YOUR OBJECTIVE ::
Keep the pictures out of the copy and repeat the records exactly.

DATA ::
[Start of Attachment]
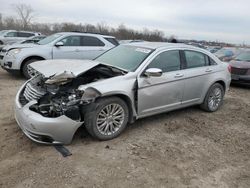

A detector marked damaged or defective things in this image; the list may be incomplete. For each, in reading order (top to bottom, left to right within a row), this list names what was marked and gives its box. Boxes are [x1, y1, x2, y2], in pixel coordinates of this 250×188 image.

crumpled hood [29, 59, 99, 78]
front end damage [14, 63, 124, 144]
wrecked car [14, 42, 231, 144]
damaged silver sedan [14, 42, 231, 145]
[End of Attachment]
WRITTEN RESPONSE ::
A detector marked damaged or defective things in this image; the list may be incomplete. For each, in reading order (top to bottom, left to right within a row), this list names what was marked and gives its box. Boxes are [x1, y1, x2, y2], in pixel coordinates of this 250×188 image.

crumpled hood [29, 59, 99, 78]
front end damage [14, 63, 124, 144]
wrecked car [14, 42, 231, 144]
damaged silver sedan [14, 42, 231, 145]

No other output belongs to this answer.